RECORDS FOR THE EXERCISE:
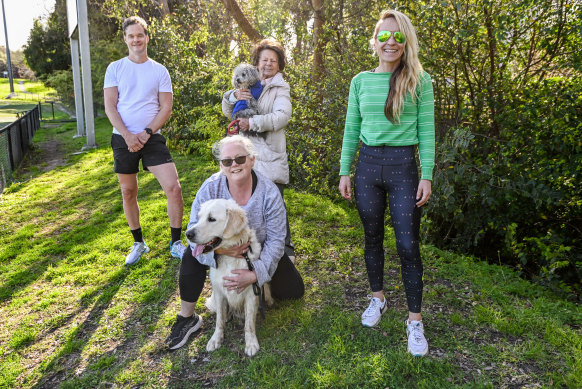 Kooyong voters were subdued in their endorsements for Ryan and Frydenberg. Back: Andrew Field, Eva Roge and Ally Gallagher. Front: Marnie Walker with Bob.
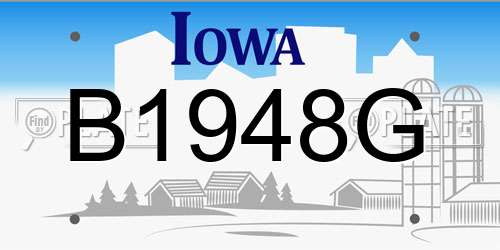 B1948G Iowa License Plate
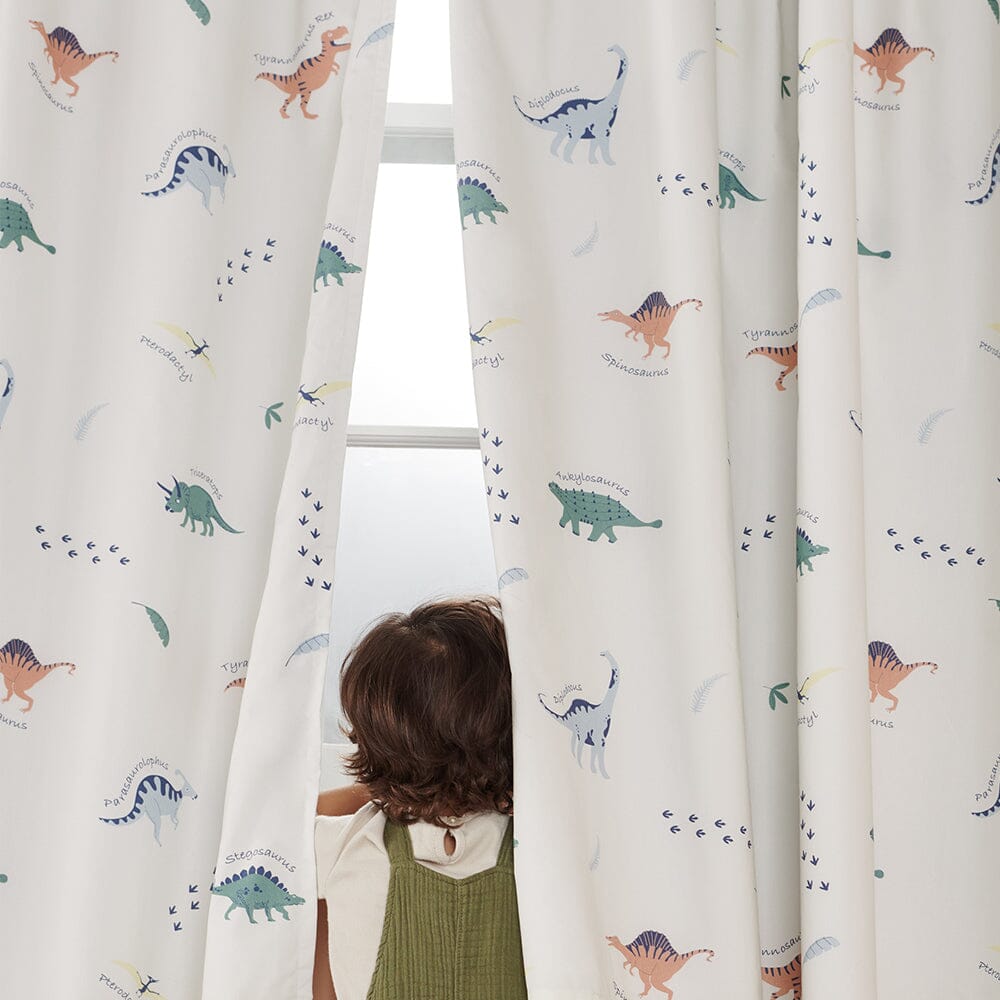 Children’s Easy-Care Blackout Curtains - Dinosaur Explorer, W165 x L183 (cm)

...

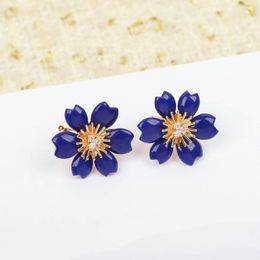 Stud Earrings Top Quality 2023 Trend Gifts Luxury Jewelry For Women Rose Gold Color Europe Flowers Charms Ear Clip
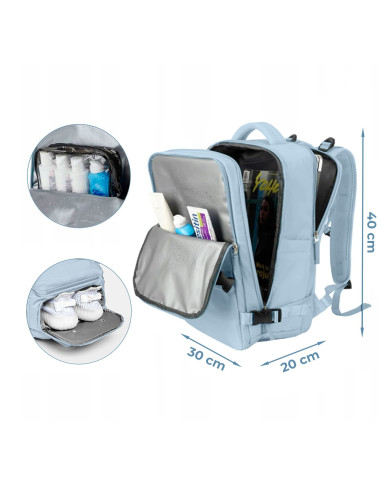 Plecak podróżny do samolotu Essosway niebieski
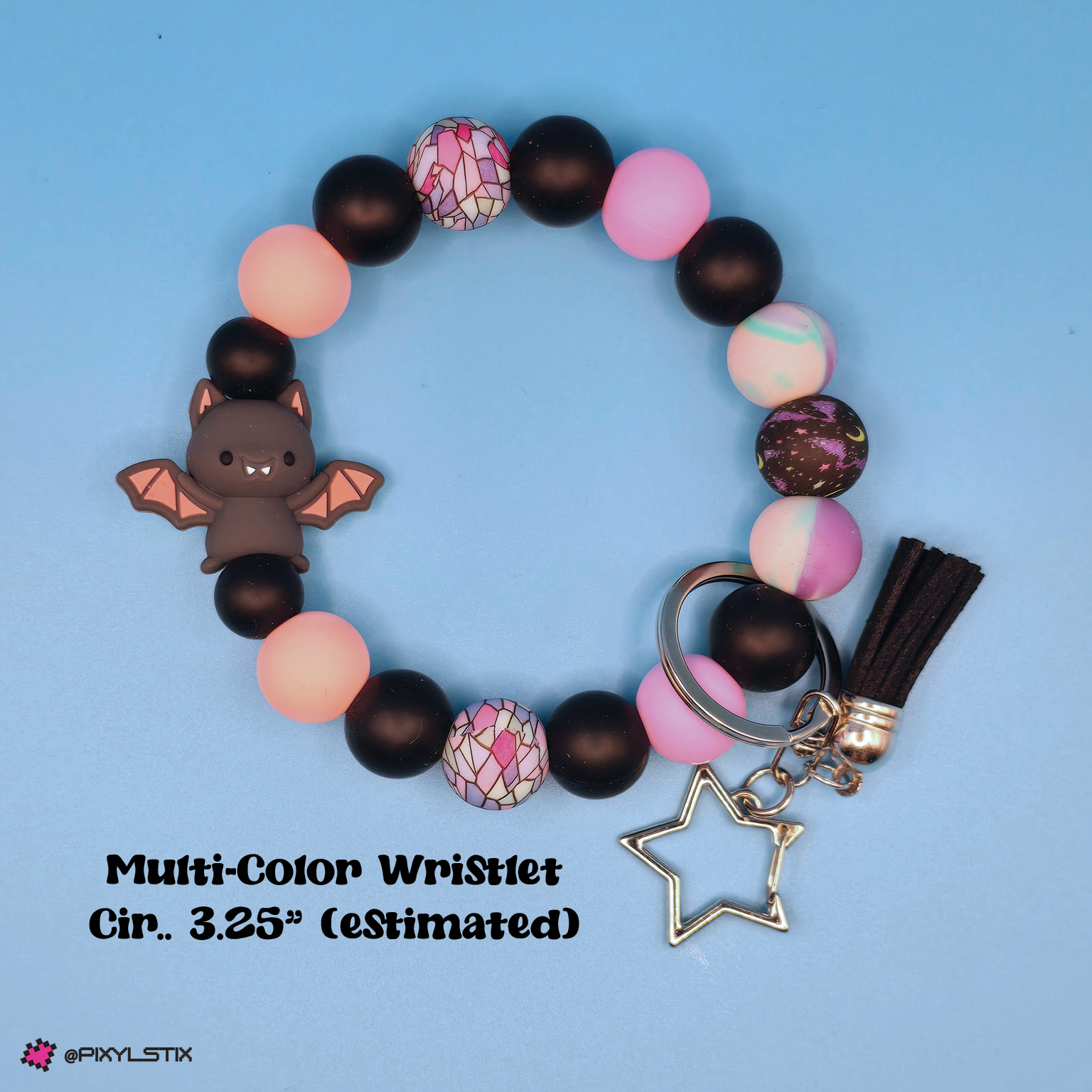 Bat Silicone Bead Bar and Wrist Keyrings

BRIEF:
Transcribe the listing above exactly, but only from the line with "Stud Earrings Top" through the line with "Bat Silicone Bead Bar and Wrist Keyrings". Include both of those lines and omit the pictures.

TASK ANSWER:
 Stud Earrings Top Quality 2023 Trend Gifts Luxury Jewelry For Women Rose Gold Color Europe Flowers Charms Ear Clip
 Plecak podróżny do samolotu Essosway niebieski
 Bat Silicone Bead Bar and Wrist Keyrings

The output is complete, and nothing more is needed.